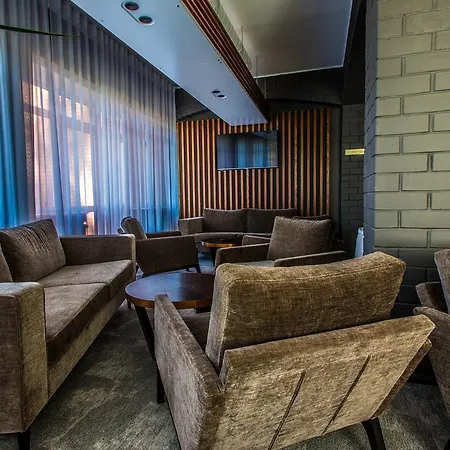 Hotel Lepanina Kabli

....

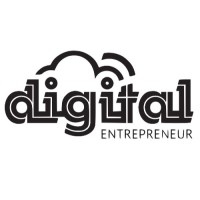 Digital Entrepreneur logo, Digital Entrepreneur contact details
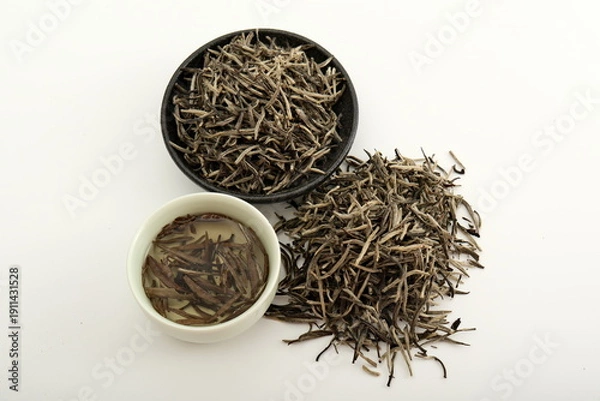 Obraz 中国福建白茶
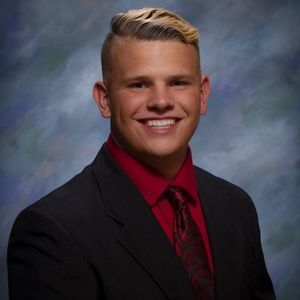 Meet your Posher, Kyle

....

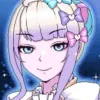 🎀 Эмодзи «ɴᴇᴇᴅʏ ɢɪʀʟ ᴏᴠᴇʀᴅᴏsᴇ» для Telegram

....

[Work to complete] Within the material above, find the part that opens with the line containing "Digital Entrepreneur logo, Digital" and closes with the line containing "Meet your Posher, Kyle", and reproduce it exactly without the pictures.

[Your response]
 Digital Entrepreneur logo, Digital Entrepreneur contact details
 Obraz 中国福建白茶
 Meet your Posher, Kyle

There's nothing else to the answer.